INSTRUCTIONS TO FOLLOW: Each entry that follows should be given again word for word; please leave out its pictures.
== SUPPLIED RECORDS ==
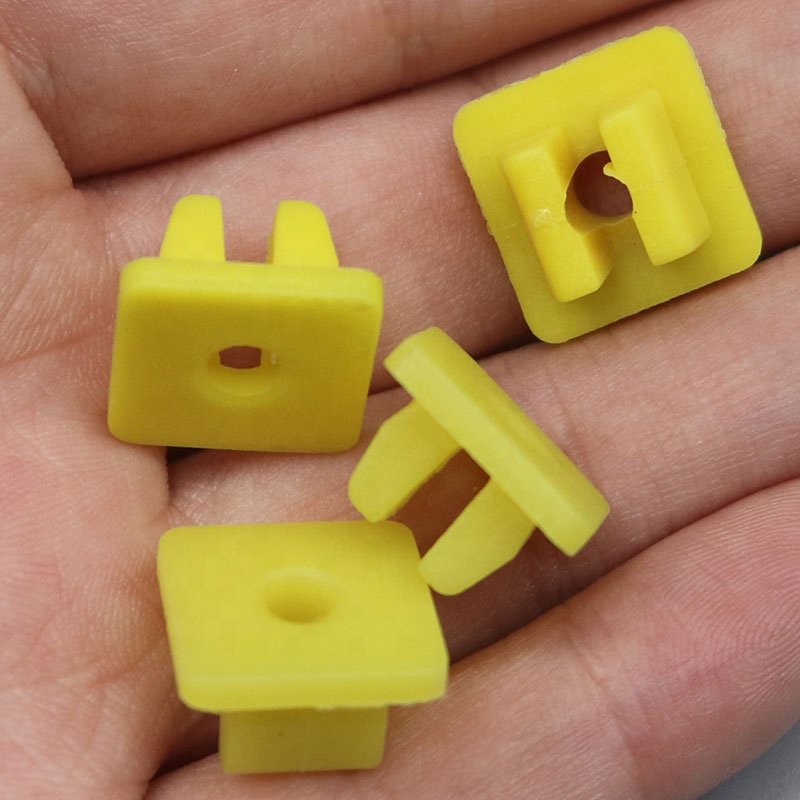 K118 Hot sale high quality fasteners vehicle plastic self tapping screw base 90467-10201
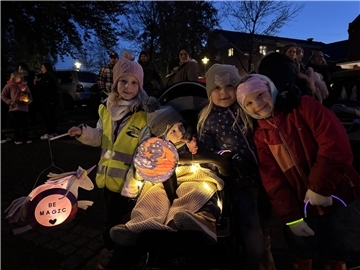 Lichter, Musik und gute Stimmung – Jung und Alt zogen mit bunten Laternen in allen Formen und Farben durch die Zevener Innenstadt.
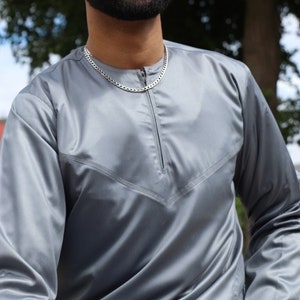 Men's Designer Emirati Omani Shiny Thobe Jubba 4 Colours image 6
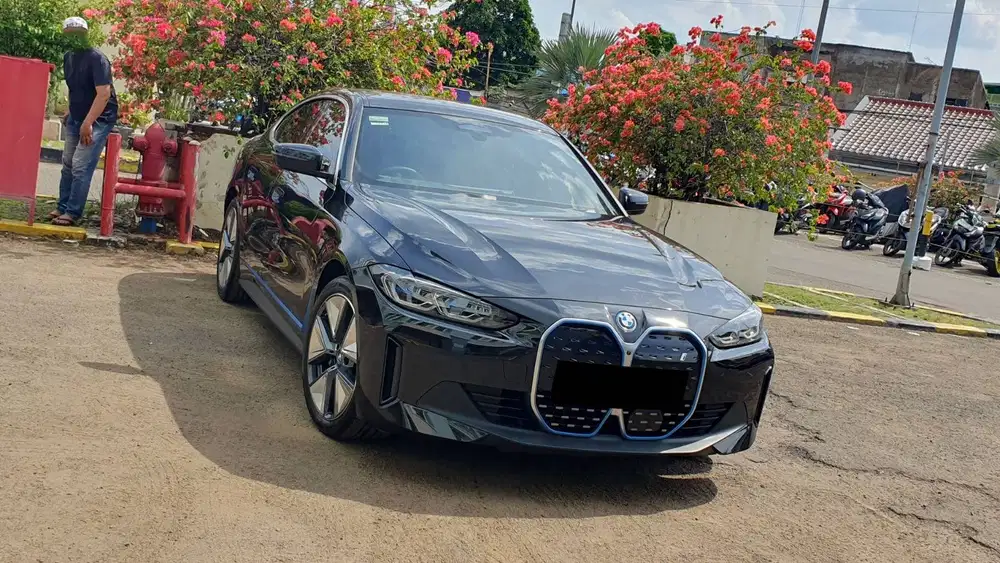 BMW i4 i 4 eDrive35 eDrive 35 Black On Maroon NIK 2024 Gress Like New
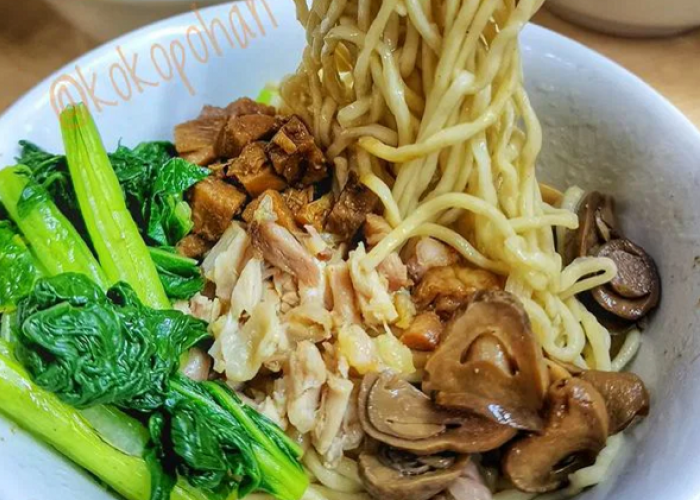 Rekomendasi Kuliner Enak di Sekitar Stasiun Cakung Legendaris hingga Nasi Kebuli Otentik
===
EXERCISE RESPONSE:
 K118 Hot sale high quality fasteners vehicle plastic self tapping screw base 90467-10201
 Lichter, Musik und gute Stimmung – Jung und Alt zogen mit bunten Laternen in allen Formen und Farben durch die Zevener Innenstadt.
 Men's Designer Emirati Omani Shiny Thobe Jubba 4 Colours image 6
 BMW i4 i 4 eDrive35 eDrive 35 Black On Maroon NIK 2024 Gress Like New
 Rekomendasi Kuliner Enak di Sekitar Stasiun Cakung Legendaris hingga Nasi Kebuli Otentik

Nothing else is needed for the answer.